18. Non-guarantee of Employment. Nothing contained in this Plan shall be construed as a contract of employment between the Company and any Participant, or as a right of any Participant to be continued in employment of the Company, or as a limitation on the right of the Company to discharge any employee, with or without cause.
19. Deferral Election Does Not Affect “Recognized Earnings” for Purposes of Other Company Benefits. “Recognized Earnings” for purposes of all other benefits offered by the Company (including, but not limited to, the Employees Retirement Income Plan/PRA, the Savings and Investment Plan, life, disability, accidental death and dismemberment, supplemental pension and savings benefits) will not be affected by any deferral election made hereunder.
20. Applicable Law. All questions pertaining to the construction, validity and effect of this Plan shall be determined in accordance with the laws of the State of New York, to the extent not preempted by Federal law.
21. Conflicts with Other Plans or Documents.

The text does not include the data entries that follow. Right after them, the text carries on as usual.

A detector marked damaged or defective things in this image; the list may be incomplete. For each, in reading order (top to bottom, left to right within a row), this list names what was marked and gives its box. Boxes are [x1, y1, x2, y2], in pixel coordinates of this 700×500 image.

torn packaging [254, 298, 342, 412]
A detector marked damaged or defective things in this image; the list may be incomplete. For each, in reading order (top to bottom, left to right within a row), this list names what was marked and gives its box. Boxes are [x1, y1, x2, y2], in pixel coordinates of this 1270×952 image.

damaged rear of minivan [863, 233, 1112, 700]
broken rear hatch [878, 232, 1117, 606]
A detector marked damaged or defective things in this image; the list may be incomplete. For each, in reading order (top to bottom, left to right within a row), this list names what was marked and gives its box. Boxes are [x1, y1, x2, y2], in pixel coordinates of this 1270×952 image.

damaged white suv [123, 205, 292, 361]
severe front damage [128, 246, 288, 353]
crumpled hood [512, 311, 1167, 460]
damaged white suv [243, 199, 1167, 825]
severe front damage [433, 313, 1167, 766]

From time to time, the Committee or the Global Compensation Department of the Company may issue guidelines or other explanatory material concerning the operations of the Plan. To the extent that any of these supplemental materials concerning the operations of this Plan shall be inconsistent with the terms of this Plan document, the terms of this Plan shall prevail.
To the extent that the terms of this Plan may prove to be inconsistent with the terms of
the EICP or any other plan( s) approved by the shareholders of the Company, the terms of the EICP or such other shareholder-approved plan(s) shall be controlling.
To the extent that the terms of this Plan may prove to be inconsistent with the terms of the Executive Severance Plan, the terms of this Plan shall be controlling.
22. Pronouns. Whenever used in this Plan, the masculine pronoun is to be deemed to include the feminine. The singular form, whenever used herein, shall mean or include the plural form where applicable, and vice versa.
23. Representations. The Company does not represent or guarantee that any particular federal or state income, payroll, personal property or other tax consequence will result from participation in this Plan. A Participant should consult with professional tax advisors to determine the tax consequences of his or her participation.
24. Plan to Comply with Code Section 409A. Notwithstanding any provision to the contrary in this Plan, each provision in this Plan shall be interpreted to permit the deferral of compensation in accordance with Code section 409A and any provision that would conflict with such requirements shall not be valid or enforceable.